Mauk was Mr. Ohio Football in 2011, a Parade All-American and a two-time Ohio Gatorade football player of the year. He set national high school passing records with 18,932 yards, 219 touchdowns and 1,353 completions, as well as 22,681 yards of total offense.
It would be forgivable if Mauk felt anxious or overly excited at the prospect of returning to his old stomping ground, but the consensus is that he won’t be fazed by the setting or circumstances.
“I’d like to think that he would just go play football, because that’s ultimately what you have to do,” Tigers coach Gary Pinkel said. “Like when he played against Florida or he played against South Carolina last year or finished the game against Georgia. You’ve got to play football. … I would be disappointed if he was not focused and ready to go, and he will be.”
This isn’t, after all, a vacation for Mauk and Missouri.
“It’s always going to be my home,” said Mauk, who completed 13 of 21 passes for 178 yards with three touchdowns in a season-opening 38-18 win last week against South Dakota State. “There’s no place else I’m going to call home.

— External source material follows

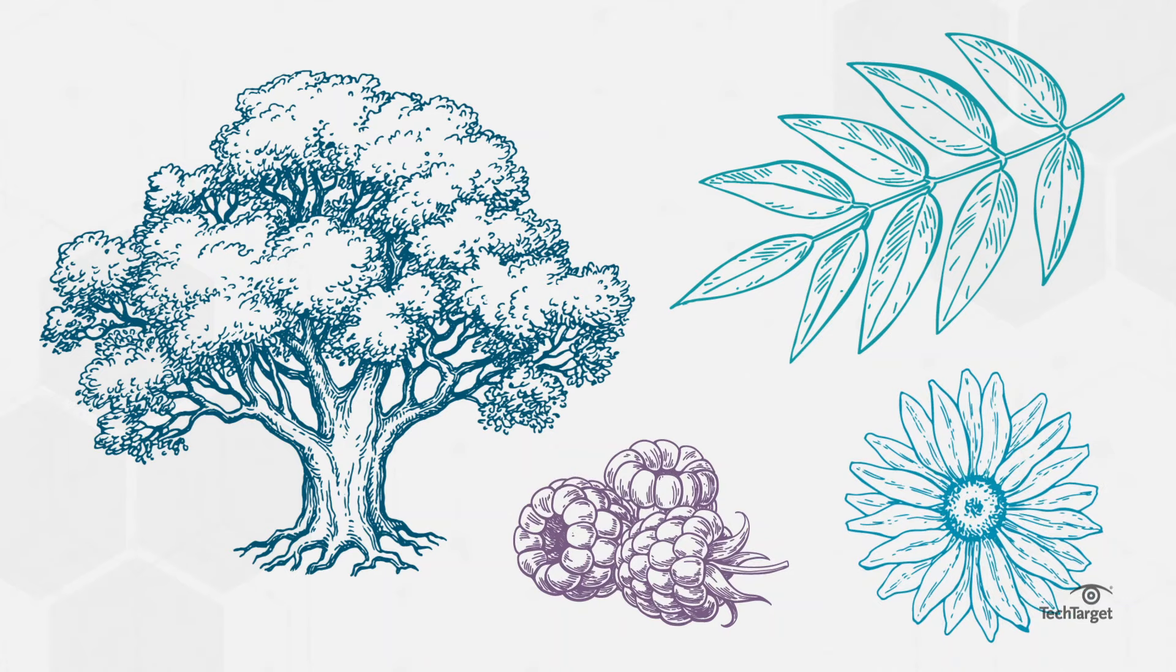Fibonacci numbers are found everywhere in nature, from the branching of trees and leaves, to the distribution of raspberry seeds, to the pattern of flower petals, even on the human body.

Whenever I get free time, they know I’m going to be back. But right now it’s a business trip, and I’ve got to go play.”
Mauk estimates that several hundred friends and family members will make the hour-and-15-minute trek up Interstate 75 to the shores of Lake Erie for the game.

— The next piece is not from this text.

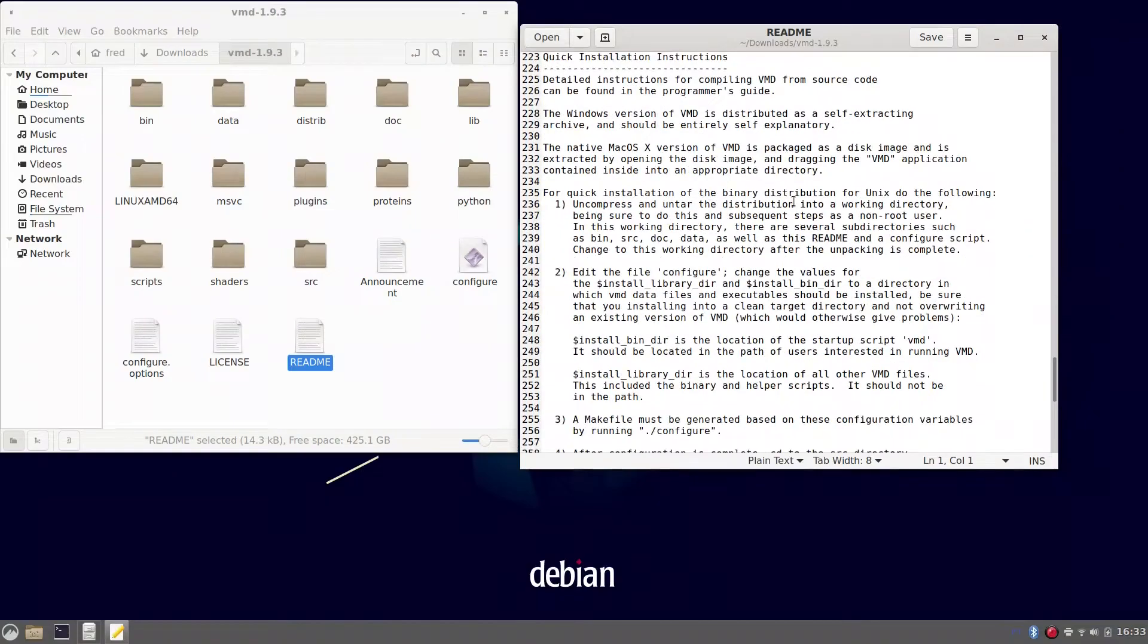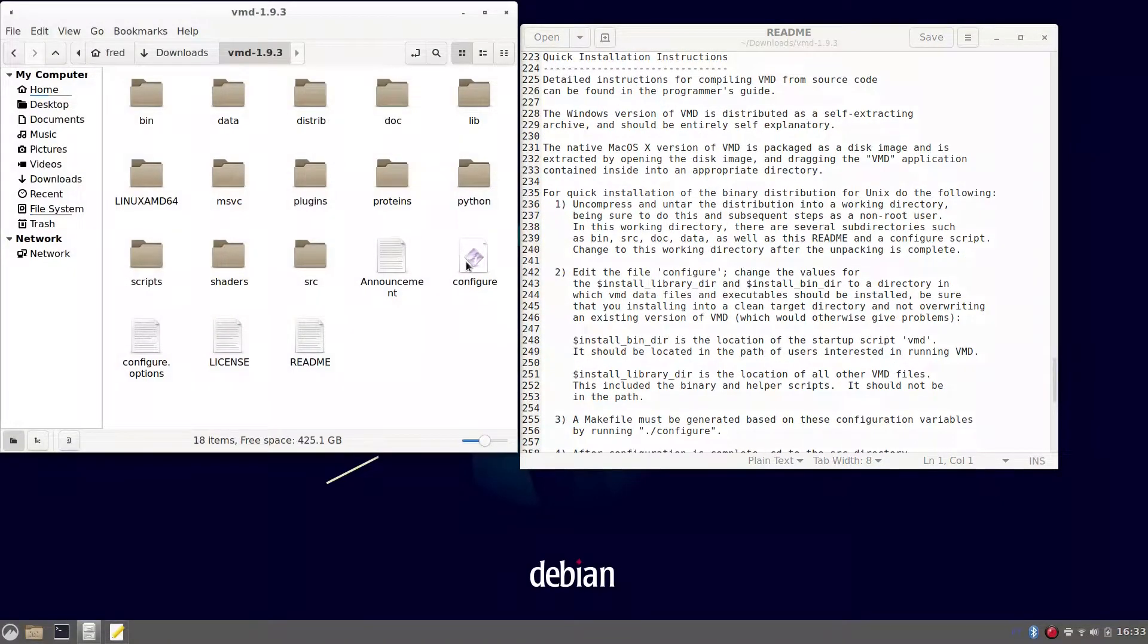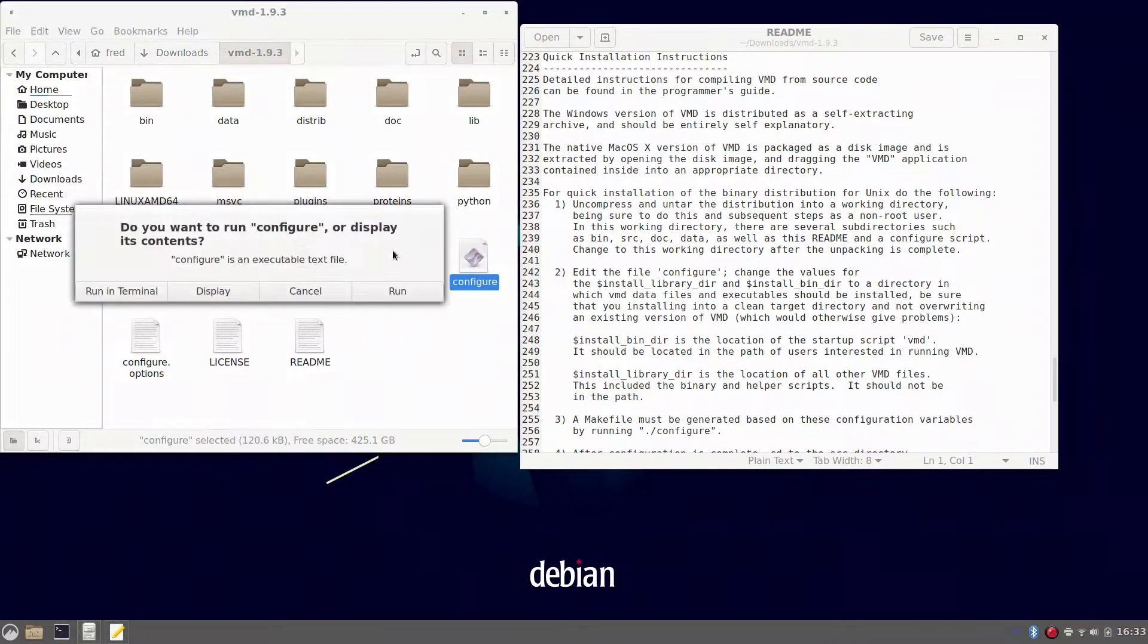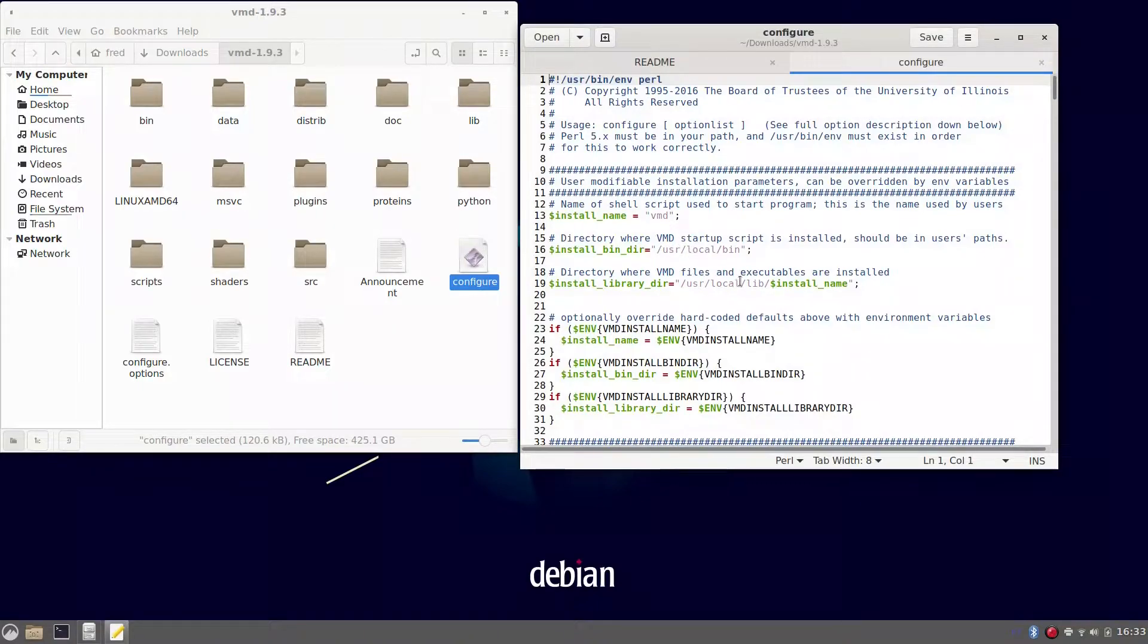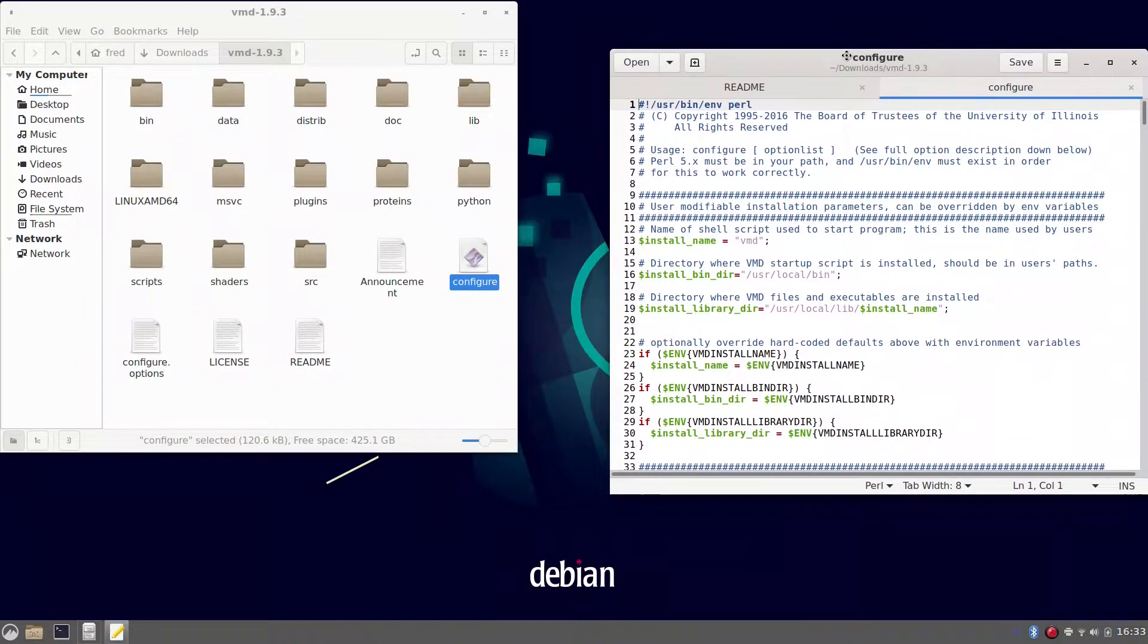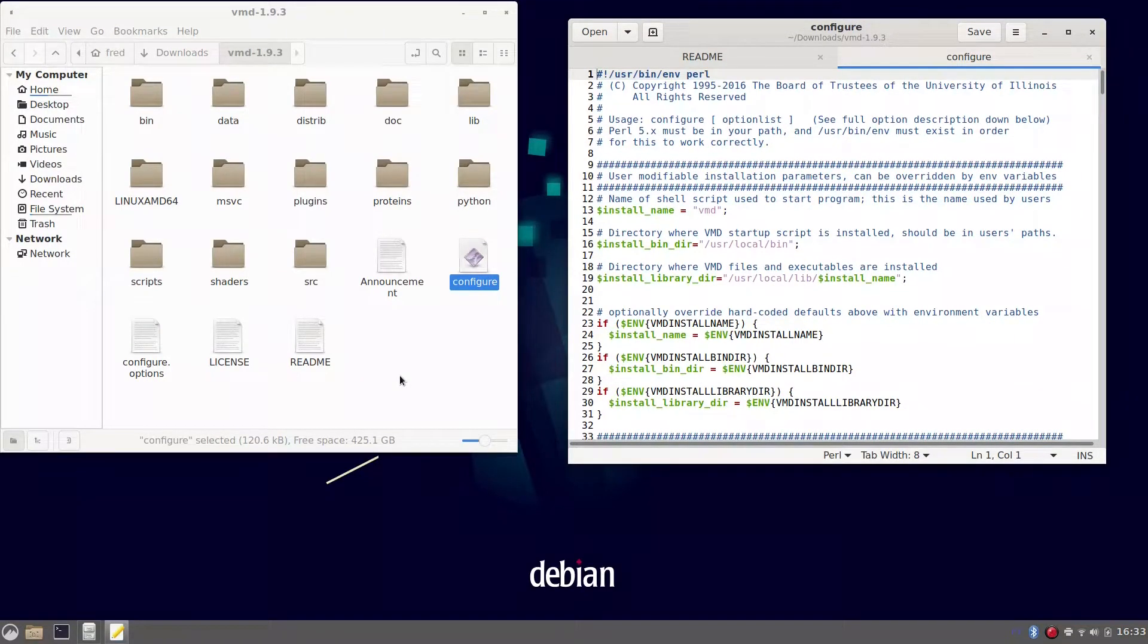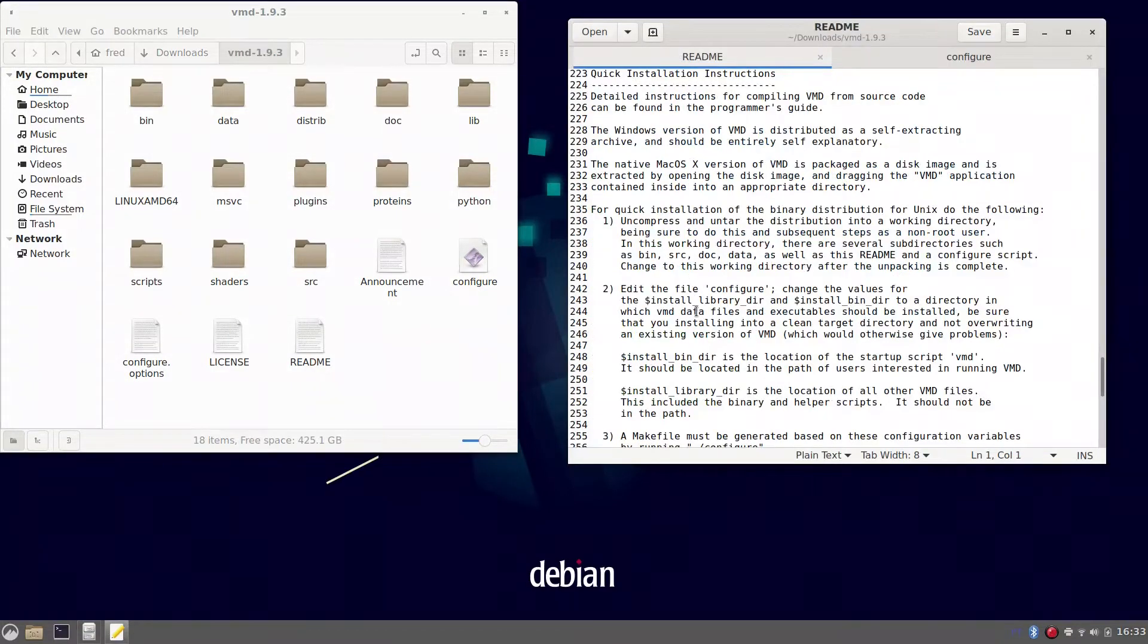So looking to that, if you need to edit the configure file, we are not going to do that because we are going to proceed to the standard one. Those are the place where the launcher and the library will be placed after installation. To proceed to the next step, you have to open a terminal here.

“It will be fun for him, and he’ll be excited about playing (at Toledo), but he’d be excited regardless of who they’re playing or where they’re playing at,” Mauk’s father, Mike, said. “He has great friends there and great relationships there, but I don’t think he misses (Ohio). I think he’s happy where he’s at, what he’s doing and who he’s with.”
In other words, don’t expect a wistful Mauk to let emotion cloud his preparation. It’s not in his nature.
“He’d be a good poker player,” Pinkel said. “Maty’s really not like that. He’s pretty even-keeled all the time. Whether he throws a touchdown pass or has a bad play, when he comes off the field, he doesn’t look a whole lot different.”
Against Toledo, Mauk doesn’t have the luxury of distraction anyway, not against a Rockets team that returns 19 starters in only the second true road start of his college career, and not as the leader of a passing game still seeking consistency and rhythm.
“I’m not worried about it,” Mauk said. “I know people are going to be there, and people are going to say stuff that maybe we might not want to hear. I know a lot of people probably don’t like me the best from playing each other in high school, but I know what I’ve got to do. I’m going to block all that out and be ready to go.”
Missouri, of course, is counting on Mauk. He’s widely viewed as the key figure if the Tigers are going to come close to duplicating last season’s success.
“Fortunately, it’s not just him going there,” Mike Mauk said. “He’s going with guys that have worked pretty hard preparing for the season. The team in general will be ready to play along with him.”